Black Summer survivors’ ‘deathtrap’ fears
Isolated communities devastated by the Black Summer bushfires fear they are living in deathtraps as NSW authorities fail to clear trees from roads that provide the only means of escape.
Isolated communities devastated by the Black Summer bushfires fear they are living in deathtraps as state authorities fail to clear trees from roads that provide the only means of escape in an emergency.
Residents of towns along the NSW south coast found themselves trapped or isolated during the 2019-20 bushfires as drought-stricken vegetation that had overgrown provided rich fuel for forests that cut off the only major exit roads.
These same fires often also destroyed communications infrastructure and broke down the supply lines needed to provide aid during fire season.
Many fear the coming fire season will see those same problems repeat themselves.
Sheridan Zuev, who runs a cattle farm near Cobargo, one of the towns most endangered by the Black Summer blazes, said her experience had been “very traumatic” and recent fires in the region had brought back bad memories. “We’re fairly strong people because we’re farming people, but it was like something I’ve never experienced in my life,” she said. “I thought we were going to die.”
Ms Zuev’s property was bordered in the 2019-20 season by three firefronts at Badja Forest, Batemans Bay and through the south of Wadbilliga National Park. “Our property backs on to the national park,” she said. “That’s our boundary, and the fire trail access is up through the back of our place.
“We had no fire assistance. I don’t think that fire was fightable, but we stayed to fight it.”
Ms Zuev has urged the NSW Rural Fire Service to clear vegetation along the main road in case it leaves fellow residents cut off from assistance.
“After fighting the (Black Summer) fires here for about four hours, I was just lucky I got out, because the whole side of the roads were wide with vegetation,” Ms Zuev said. “The vegetation’s come back, there’s regrowth along all our roads.”
Volunteer firefighters in the area have been spread thin, leaving much of the work for the upcoming fire season incomplete.
“The National Parks people came to the door in February, and said that they were going to be in touch and do something about the fire trail,” Ms Zuev said.
“We’ve never seen them again … there’s no fire trails cleared.

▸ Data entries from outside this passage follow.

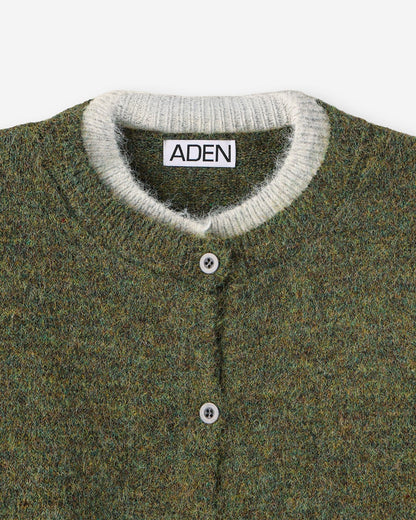 Layered Wool Knit Cardigan
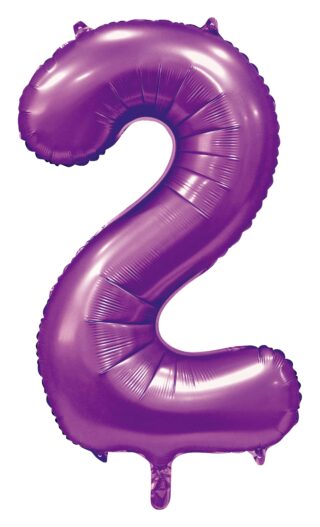 Sifferballonger 86 cm Satin Lila - 3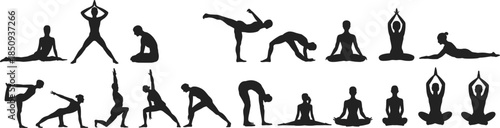Yoga poses silhouettes collection, meditation stretching balance exercises, fitness wellness practice isolated on white background vector illustration set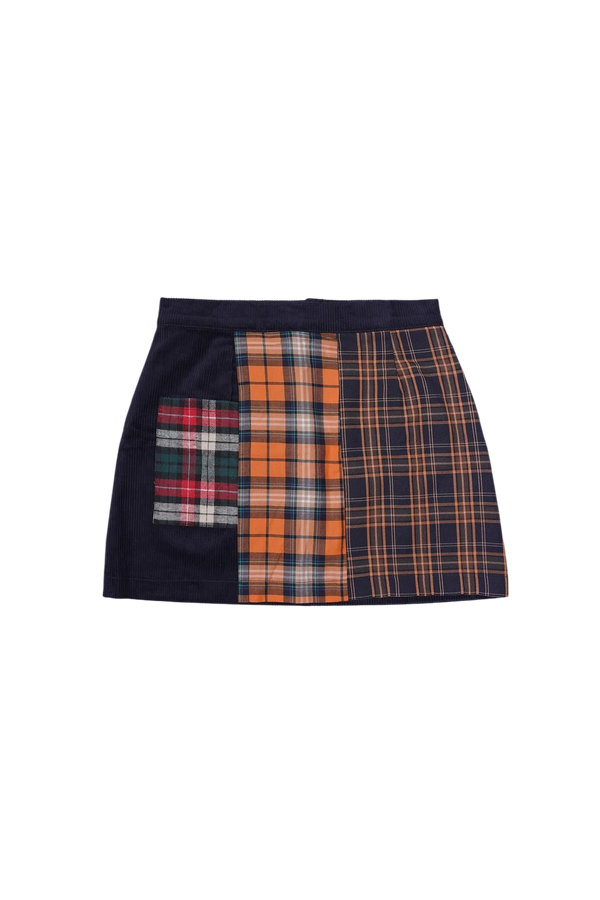 Patched Cord Mini Skirt Navy Orange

It’s a holocaust up there, there’s no way you could even walk through it.”
Former state Liberal transport minister Andrew Constance criticised the federal and state response to the Black Summer bushfires, and pushed to clear buffers of foliage 40m back from major roads in February 2021.
Public servants in the Roads Department said this was not legal, which prompted Mr Constance to call for an overhaul of the fire protection policies in NSW.
He told The Australian that the Minns government needed to focus on better fire trails and more clearance around roadways, and bring in vegetation buffer zones along the roadside. “The state is not ready for a bad fire season,” Mr Constance said. “The level of preparedness on the ground … that’s what scares me. The community is not being listened to.”
In preparation for fire season, Transport for NSW has removed 6000 trees from key regions in southern NSW.
Mr Constance, frontrunner in the race to succeed retiring senator Marise Payne, said this did not go far enough as he urged the Minns government to consider a fire buffer policy similar to that of the Victorian government, where clearances are made around major roads.
He also warned of the overgrowth of black wattle across the state’s south, with thick pockets regenerating after prior bushfires.
Black wattle can be tough for residents to clear because of laws against clearing native vegetation.
Transport for NSW said it was working with emergency response departments to plan and prepare for the upcoming bushfire season.
It has removed 24,000 trees overall across the state, and trimmed an additional 50,000
Mr Constance said the Ministry of Transport was holding on to a shortsighted policy being enforced by its public servants.
“I don’t blame the politicians, I think the bureaucrats have run amok, the Department of Transport should hang their heads in shame,” he said. “Can people not remember what happened in the Black Summer?”